7.18.2010

Cycling superfoods

Even indoor cycling is a huge workout and can blast 700-1000 calories. I do it multiple times a week and sometimes multiple times a day teaching. There's been a lot of press on cycling lately because of the Tour de France. While we don't need nearly the caloric intake and endurance those guys do, we can benefit from some of their nutrition for riding techniques. Info from bicycling.com 
Green tea, papaya, Soy, Omegas, B12, etc...read on...

Superfood: Green or black tea
Sports scientists at Rutgers University found that a nine-day supplement of black-tea extract decreased delayed-onset muscle soreness after cycling intervals. "The black-tea extract reduces the oxidative stress of the exercises and speeds recovery between intervals," says assistant professor Shawn Arent, PhD. Try it yourself: Brew it hot or brew it then when cool place in the fridge for ice tea.


Superfood: Soy
he branched-chain amino acids in soybeans stop muscle degradation during long rides while the antioxidants help alleviate postride aches and pains. Research published in The Nutrition Journal found that both soy and whey proteins build lean muscle mass, but soy protein also prevents exercise-induced inflammation. "Chocolate soy milk makes an excellent recovery drink," says Barbara Lewin, RD, a sports nutritionist who owns Sports-Nutritionist.com. Also, keep soy nuts in the car or at the office for a great protein-rich snack. 
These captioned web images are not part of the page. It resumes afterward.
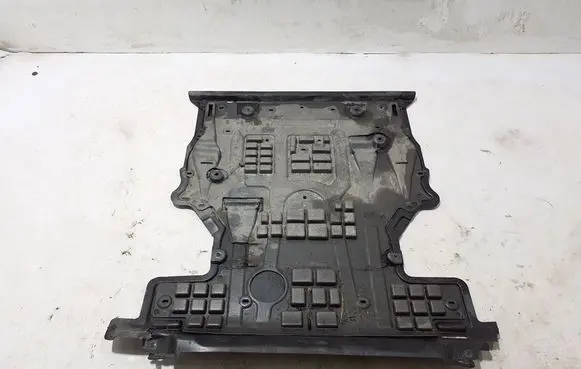 Mercedes-Benz GLE W167 Engine splash shield/under tray A1675200100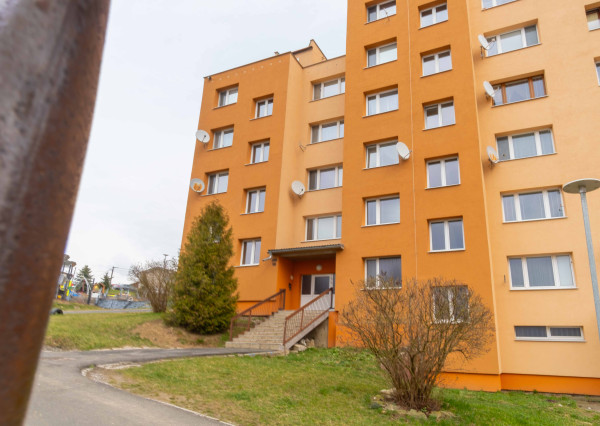 Na prenájom zariadený 2- izbovvý byt v Levoči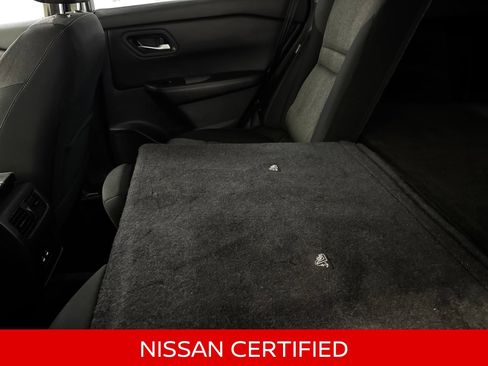 Certified 2024 Nissan Rogue SV AWD/4WD image 32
Superfood: Omega-3 Fatty Acids
"Omega-3s generally increase blood flow," says Jay Udani, MD, an assistant clinical professor at the University of California, Los Angeles. "This may help wash out inflammatory cells in damaged muscles" that cause pain and swelling. Keep canned salmon and tuna on hand for sandwiches and salads—aim for two to three servings a week.


Superfood: Tumeric
Loaded with a potent anti-inflammatory compound called curcumin, this yellow spice may help to increase endurance and speed recovery. In a 2007 study at the University of South Carolina, exercise physiologists gave mice curcumin supplements for three days before a 2.5-hour downhill run. The curcumin reduced muscle inflammation and increased endurance more than 20 percent the next day. So, make turmeric your go-to spice. Add it to marinades, rice, vegetables and more. You'll hardly notice the subtle flavor. 
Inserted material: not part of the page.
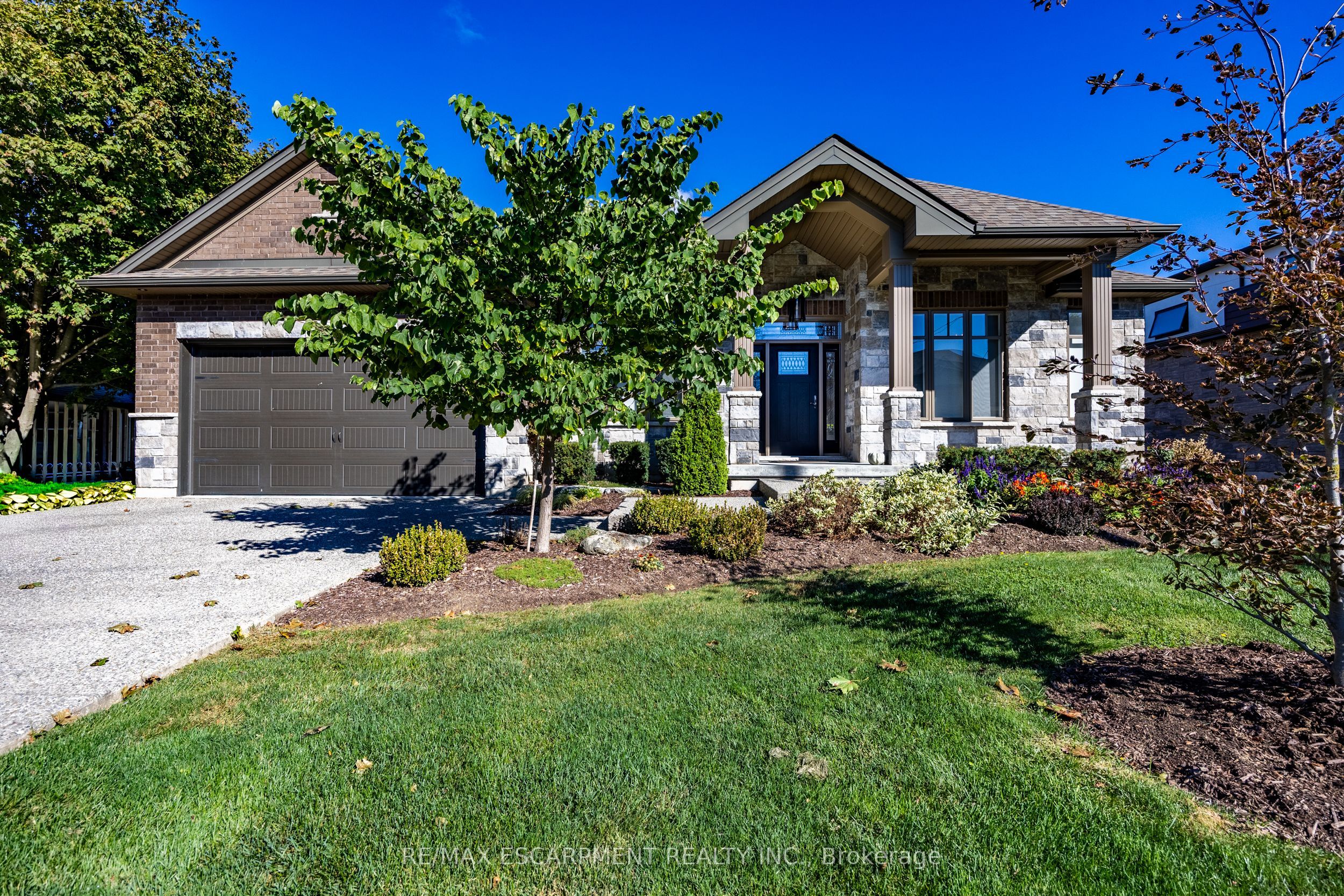 135 New Lakeshore Road Property Photo 1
Superfood: Cherries & Berries
In a study at the University of Vermont, students who were given 12 ounces of tart cherry juice before and after strenuous exercises suffered only a 4 percent reduction in muscle strength the next day compared with a 22 percent loss found in subjects given a placebo. "Antioxidants and anti-inflammatory molecules in tart cherries suppress and treat the micro-tears in muscles," says Declan Connolly, PhD. These molecules are also found in blackberries, raspberries and strawberries. Stock up on frozen berries, and add them to smoothies, yogurt and cereal. Or, defrost a few in the microwave for a sweet postride snack.


Superfood: Papaya
Rich in immunity-building vitamin A and papain, an enzyme that aids digestion, papaya is a delicious addition to salads and stir-fries.


Superfood: Vit. B-rich
Cyclists should eat a diet rich in iron, Vitamin B12 and folic acid, says University of Utah dietician Nanna Meyer, R.D., who works with cyclists from the recreational to the elite level. These nutrients help form healthy red blood cells, which cyclists need to enhance endurance. To get all three in one meal, Meyer suggests a veggie-and-beef stir-fry. Stir-fry beef is low in fat, and because the dish cooks quickly, few nutrients are lost in the vegetables.